Anna had no answer for that. It was too early for answers. She said nothing but traded Shelly the tape recorder for the camera and began taking photographs of the body and, as best as ambient light and mediocre equipment would allow, of the tracks in the dust on the floor.

When she finished and looked up, Shelly had moved away from the bed. No longer on the island of rug, she stood in front of Grandma Polly's writing desk. Anna felt a stab of annoyance that the younger woman had not obeyed her to the letter. Shelly's hands were clasped dutifully behind her back, carefully not touching anything, so Anna stifled her waspishness.

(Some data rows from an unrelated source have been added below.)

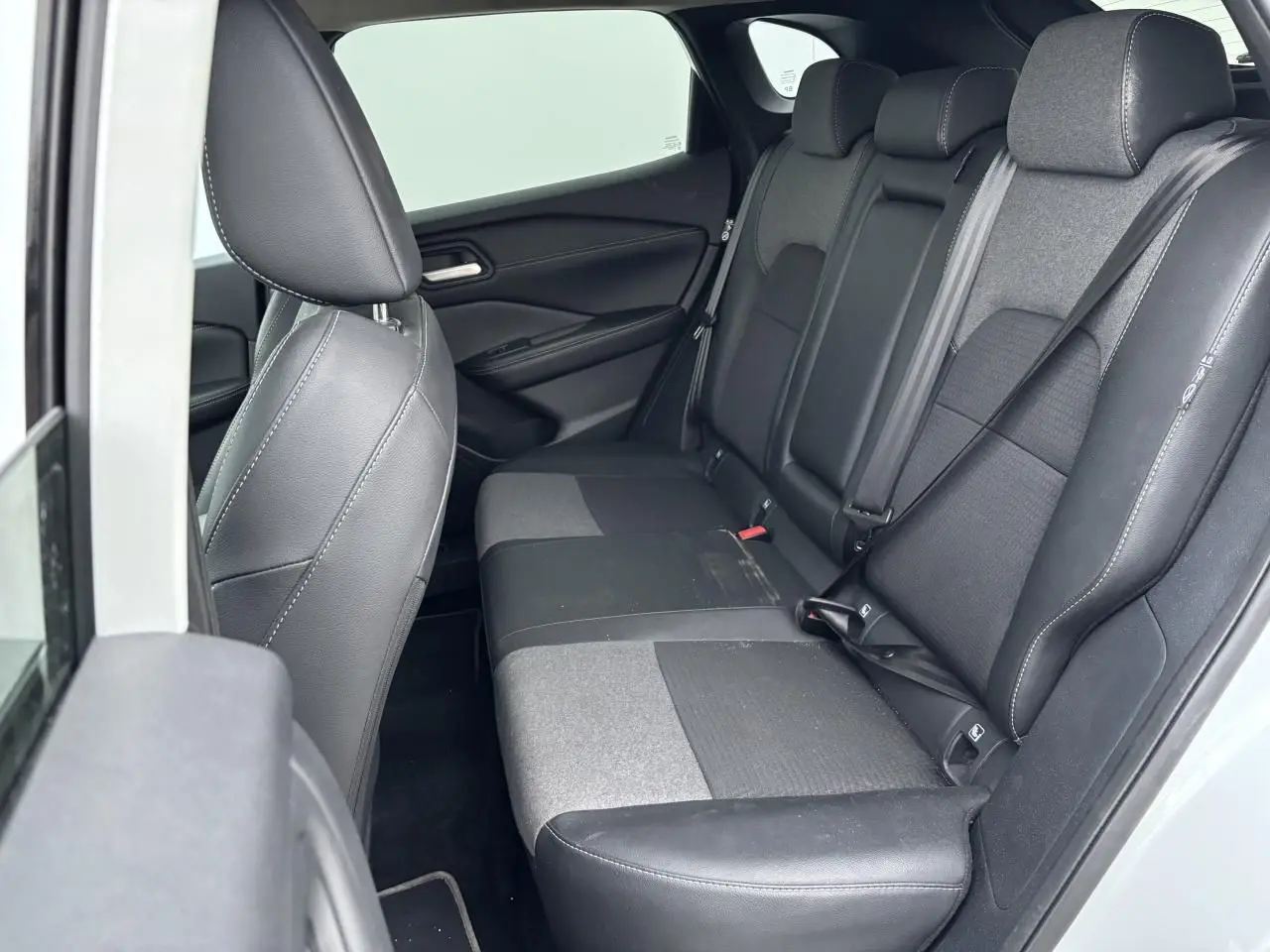 Vue intérieure côté gauche sur la banquette arrière mixte cuir et tissu noir du Nissan Qashqai blanc nacré 2025.
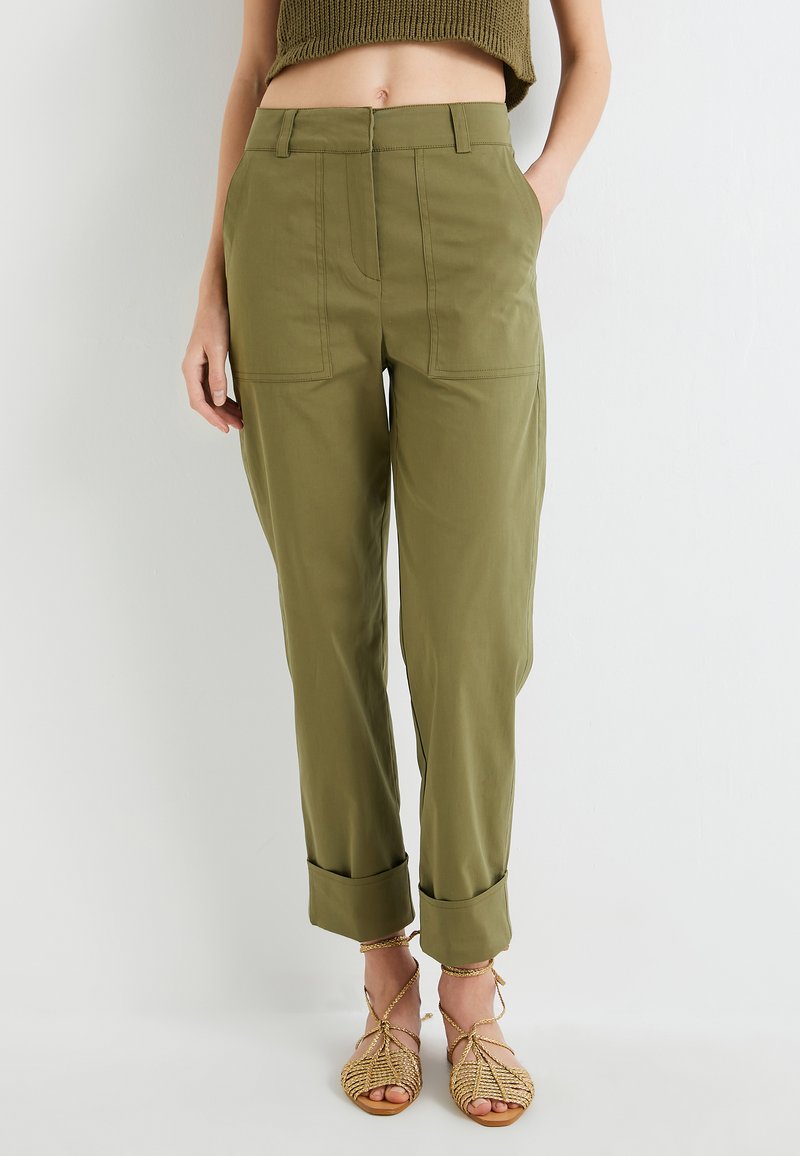 Pantalons vert olive avec des manches roulées, dotés de poches plates sur le devant et d'une texture lisse, associés à des sandales tressées à lanières.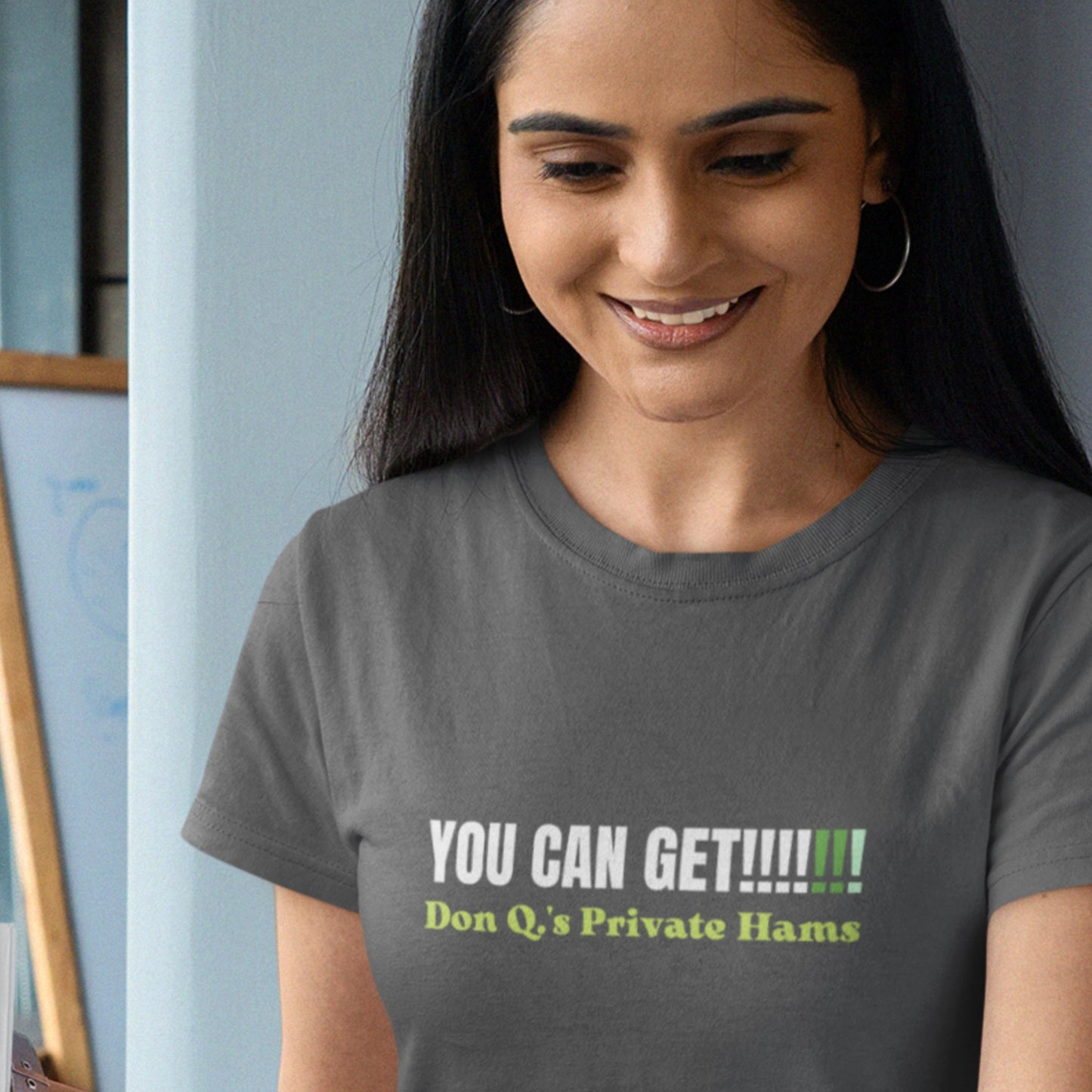 Woman wearing a gray t-shirt with humorous text design.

"What have you got?" she asked.

"Too weird. Come look." on the writing table an old hook lay open. On the right-hand page was a picture of Christ in the Garden of Gethsemane. The left side was covered in verse, and half of it had been circled in red felt-tip pen.

Sins against a holy god Sins against His righteous laws Sins against His love and blood Sins against His name and cause Great,
Anna thought sourly.

"What do you figure?" Shelly asked. Either stress or proximity to religion was bringing out the park aide's drawl. Local girl, Anna remembered, from Vicksburg. First summer home from college after graduating from Ole Miss.

"Beats me," Anna said. "Could be a lot of things. Maybe means nothing. An impulse. Murderers are not the sort of folks known for controlling impulses."

"It'd of been night," Shelly said.

"Good point." Anna thought about that for a moment. Mt. Locust, true to its 1802 history, had no electricity. Whatever had transpired in Grandma Polly's room had been done by flashlight. The candles in the sconces had never been lit; the wicks were still white virgin cotton. The globe on the oil lamp was sheathed in a fine, unmarred layer of dust. It was unlikely, though not impossible, that whoever had been there had happened to see the verse. Maybe the picture. Only a religious person would know it was Christ in the Garden. Anna had needed to read the caption.